As histórias de trabalhos forçados se repetem em Sidi Bilal. As pessoas contam que foram retidas pela força ou sob promessa de um salário, que nunca chegou. A maioria retorna ao acampamento um ou dois dias depois. Outros, como Monday Abiyan, desaparecem. “Meu irmão foi levado na ponta de pistola há dez dias, e não voltou”, conta Osama Abiyan, de 23 anos, de Gana, sentado à sombra do ressecado casco de um barco. Pensa que talvez o torturaram ou mataram.
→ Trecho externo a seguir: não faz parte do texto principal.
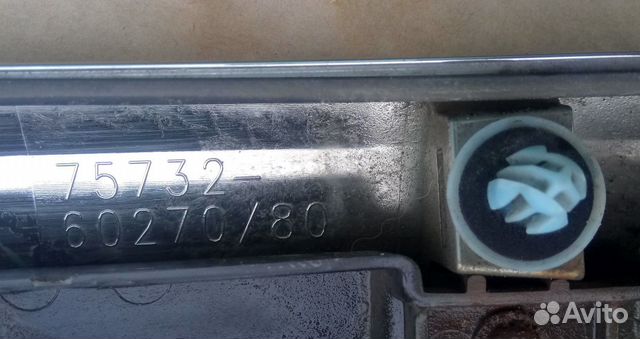 Молдинги на двери Toyota Land Cruiser LC200 Молдинги на двери Toyota Land Cruiser LC200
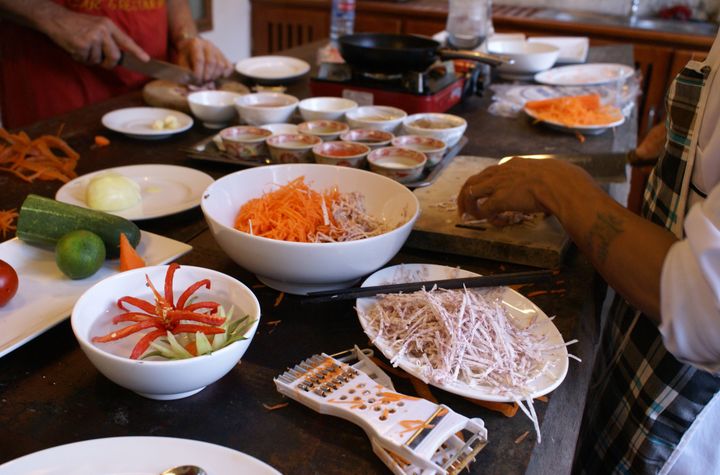 Vietnamese Home Cooking Expert with Market Tour and Boat Trip to Hoai River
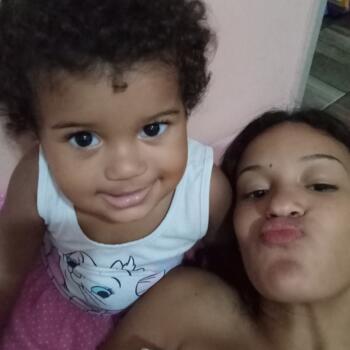 Babysitting job in São Vicente: babysitting job Hyrla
São muitos também os que falam de ataques sexuais contra as mulheres. Uma delas, também de Gana, diz que se protege entre dois amigos e se esconde sob uma coberta para poder dormir. Enquanto este correspondente da IPS percorre o acampamento, alguns refugiados se reúnem para ouvir as promessas de um enviado do governo rebelde, Ibrahim Ali.
“Estamos trabalhando para protegê-los e garantir sua segurança”, diz o representante do rebelde Comitê Nacional de Transição (CNT) a um grupo de africanos subsaarianos reunidos à sua volta. “Após fazerem uma lista com seus nomes completos e os números de seus passaportes, trataremos de tirá-los daqui logo que pudermos”. “Ainda há guerra. Não é fácil lidar com esta crise, mas o CNT (que governa de fato o país) enfrenta o problema”, disse à IPS o diplomata Carlos Afonso, delegado da União Europeia que acompanha Ibrahim Ali.
O pessoal de muitas organizações humanitárias não está tão seguro. A Human Rights Watch (HRW) pediu ao CNT que cesse “as prisões arbitrárias e os abusos contra trabalhadores imigrantes africanos e de líbios negros considerados mercenários”. Em um informe divulgado no dia 4, a HRW afirma que “as prisões arbitrárias generalizadas e o habitual abuso criaram um grave sentimento de insegurança na população africana da cidade”.
Enquanto Ali apresenta suas promessas, a reunião é bruscamente interrompida por gritos na entrada do acampamento. Dois homens armados tentam colocar à força dois refugiados em um carro cor laranja. Escondem as armas logo que percebem a presença de jornalistas estrangeiros, e em seguida são cercados por negros enfurecidos. “Veem? Não fosse por vocês já teriam sequestrado esses dois jovens. Isso acontece todos os dias”, disse à IPS Martins Osa, de 19 anos. O enviado do CNT afasta os inesperados visitantes e os escolta até o carro. Quando a IPS pergunta se as autoridades tomarão alguma medida contra os dois homens armados, Ali responde, sorrindo, que o incidente foi apenas um mal entendido.
Nas duas últimas semanas, a Organização Internacional para as Migrações (OIM) coordenou a retirada de mais de 1.600 trabalhadores imigrantes em embarcações contratadas desde Trípoli. No entanto, a OIM afirma que ainda há centenas de pessoas esperando para partir. A situação dos subsaarianos é muito perigosa, pela suspeita generalizada de que foram mercenários de Gadafi, que governou o país desde 1969.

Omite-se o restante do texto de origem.